Important Note: I am in no way trying to minimize the impact of these expenses or how stressful it can be when you don’t have the money to cover them. Nor am I speaking to folks who are earning poverty-level wages. The context of our discussions is that we are talking about saving and investing for people making at least the median household income in the United States ($70,784 as of 2021). Just about everyone in my class who has a partner is making more than that in their household, and the single folks may (or may not) be making less, but obviously have less expenses. So I’m exploring this idea in that context.

So let’s take a look at some of the “unexpected expenses” that frequently get mentioned.

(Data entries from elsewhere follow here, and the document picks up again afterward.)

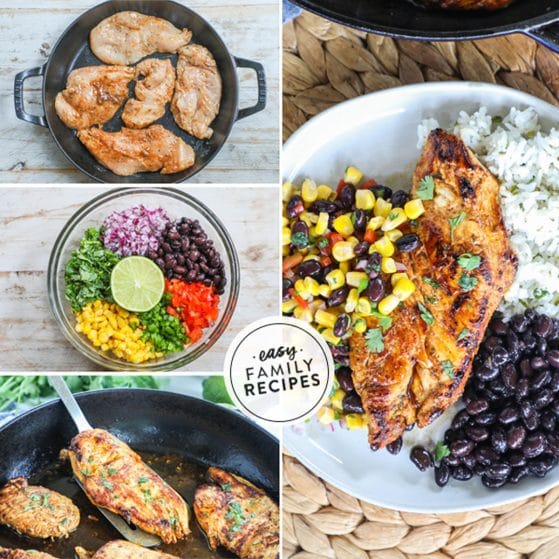Steps to make chicken with corn salsa step 1 make the salsa step 2 add the marinated chicken to a hot skillet step 3 flip chicken step 4 enjoy with salsa, beans, and rice.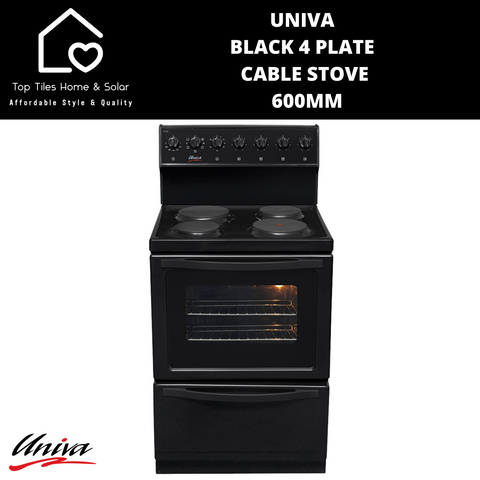 Univa Black 4 Plate Cable Stove - 600mm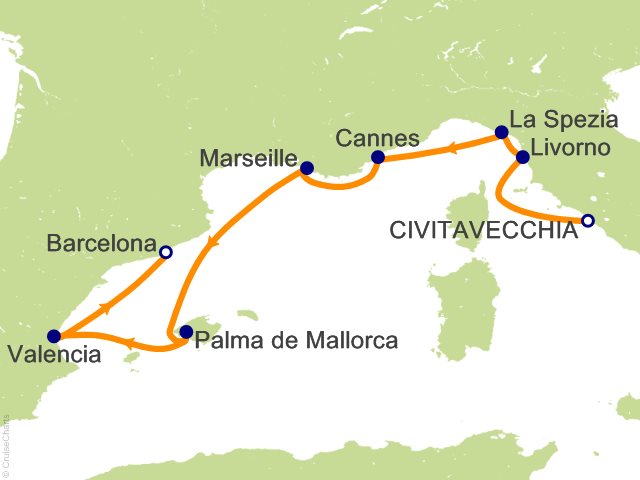Carte de l’itinéraire Allura, Rome (Civitavecchia) → Barcelone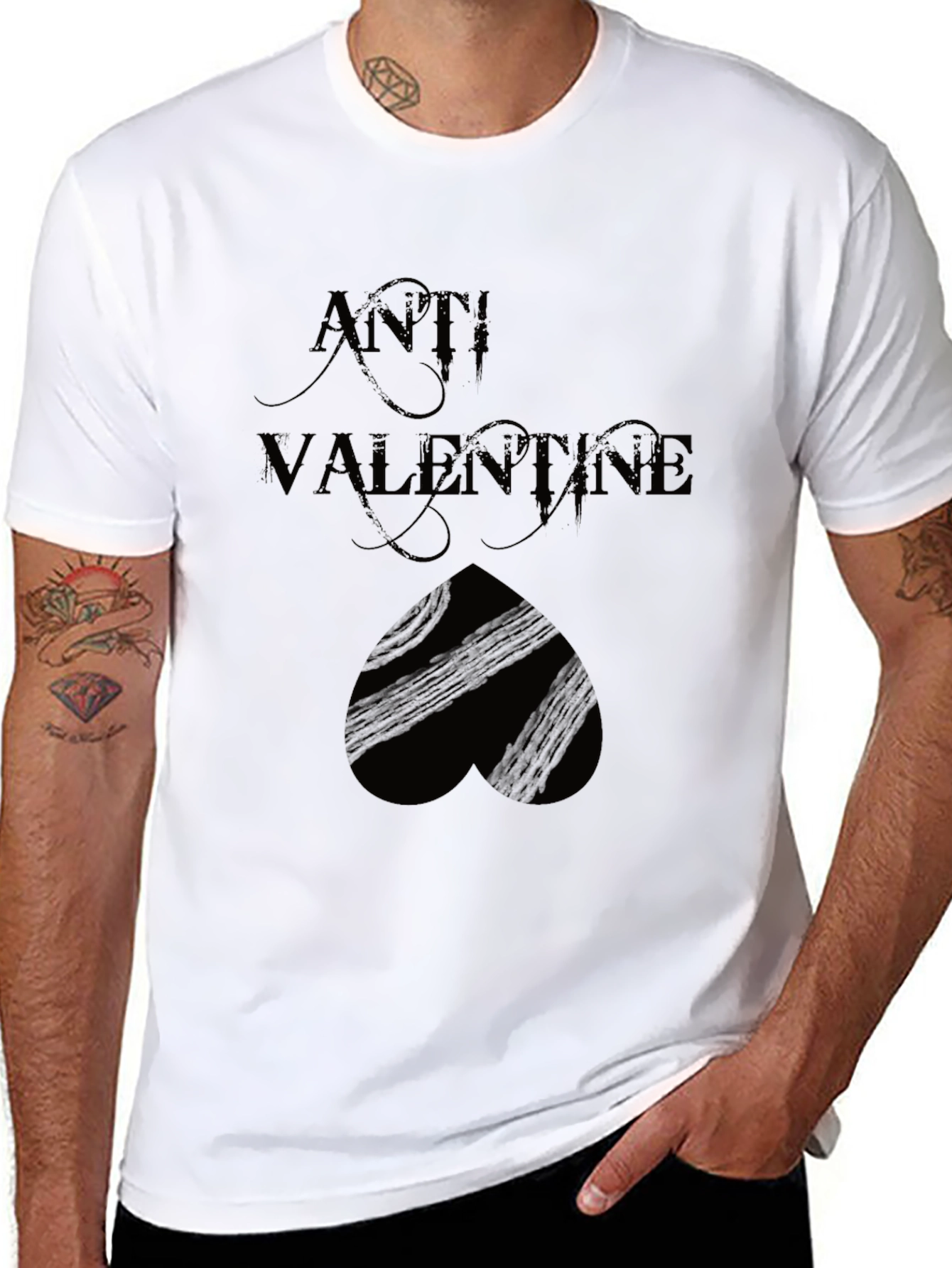 Anti Valentines Day Black Graphic Tee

  • Car Maintenance and Repair: If you own a car, you know you are going to have on-going maintenance costs, occasional repair costs, and eventually will need to replace it.
  • Home Maintenance and Repair: If you own a home, you know you are going to have on-going maintenance costs and occasional repair costs (the water heater is going to break, the furnace/ac is going to need to be replaced, as will your appliances), and you may eventually decide to move to a new, more expensive house.
  • Health Care Costs: If you are alive, you know you are going to have at least some on-going out-of-pocket health care costs and occasionally have a larger bill for something more involved. And, if you have children, you know this is going to happen more frequently (broken bones, braces, etc.)
  • Children: There is no doubt that children are expensive, including daycare costs if that applies to you (but there are tax breaks to help with that). You know children are expensive and you (should) know those expenses are coming.

So here’s my (apparently controversial to some folks) take: these are not unexpected expenses. All of these expenses are (or at least should be) expected. It’s not a question of if, it’s just that you don’t know when they are going to happen.(The expense isn’t unexpected, just the timing.)  So you should be planning for these expenses in advance and, when they happen, they still won’t be fun, but you’ll be prepared. This is the reason why it’s suggested you live below your means and have some savings1 built up (and then, once you have that savings, any additional extra goes into investments).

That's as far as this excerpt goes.